Single by Kenny Chesney

from the album The Road and the Radio
- Released: September 12, 2005
- Recorded: 2005
- Genre: Country
- Length: 4:14
- Label: BNA 82876-72952
- Songwriters: Bill Luther; Aimee Mayo;
- Producers: Buddy Cannon; Kenny Chesney;

Kenny Chesney singles chronology
| "Keg in the Closet" (2005) | "Who You'd Be Today" (2005) | "Living in Fast Forward" (2006) |

Music video
- "Who You'd Be Today" on YouTube

= Who You'd Be Today =

"Who You'd Be Today" is a song written by Aimee Mayo and Bill Luther and recorded by American country music singer Kenny Chesney. It was released in September 2005 as the first single from Chesney's 2005 album The Road and the Radio. It was also Chesney's highest-debuting single at the time, having entered the U.S. Billboard Hot Country Songs chart at number 26. This record has since been broken by "Don't Blink", which debuted at number 16 two years later.

Despite reaching number 2 on the U.S. Billboard Hot Country Songs chart, this song is not included on Chesney's 2009 compilation album Greatest Hits II.

==Content==
"Who You'd Be Today" is a song to a person who died before their time ("It ain't fair, you died too young / Like a story that had just begun / But death tore the pages all away"). The narrator describes how much he has missed that person and questions what their life would be like if they were still alive ("Sometimes, I wonder who you'd be today"). The song ends with the narrator saying that the only hope that comes from the death is knowing they'll see each other again someday.

==Music video==
The music video was directed by Shaun Silva and premiered on CMT on September 29, 2005. It starts off with two teenage boys in a basketball practice, and then cuts to Chesney's performance, and subjects related to the song's storyline. Throughout the video, friends and couples are seen speaking to each other. A high-school couple is seen talking together, and flashbacks are seen, implying that the woman was killed in a car crash. A woman is sitting on a bench, talking to a man, later scenes show the woman pulled from a burning building, and imply the man died in the fire. The boys playing basketball are also seen playing at the same court as kids, then cutting to serving in the military. As the boys run up the basketball court, one of them disappears, revealing the other one to be playing alone and reflecting on the past with his friend.

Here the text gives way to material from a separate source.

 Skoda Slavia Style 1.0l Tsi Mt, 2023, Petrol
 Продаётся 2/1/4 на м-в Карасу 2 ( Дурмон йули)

The music video reached number 1 on CMT's Top Twenty Countdown for the week of December 15, 2005.

==Chart performance==
The song debuted at number 26 on the U.S. Billboard Hot Country Songs for the week ending October 1, 2005.

| Chart (2005–2006) | Peak position |
|---|---|
| Canada Country (Radio & Records) | 1 |
| US Hot Country Songs (Billboard) | 2 |
| US Billboard Hot 100 | 37 |
| US Billboard Pop 100 | 61 |

===Year-end charts===

| Chart (2006) | Position |
|---|---|
| US Country Songs (Billboard) | 55 |

==Certifications==

| Region | Certification | Certified units/sales |
| United States (RIAA) | Gold | 500,000^{^} |
^{^} Shipments figures based on certification alone.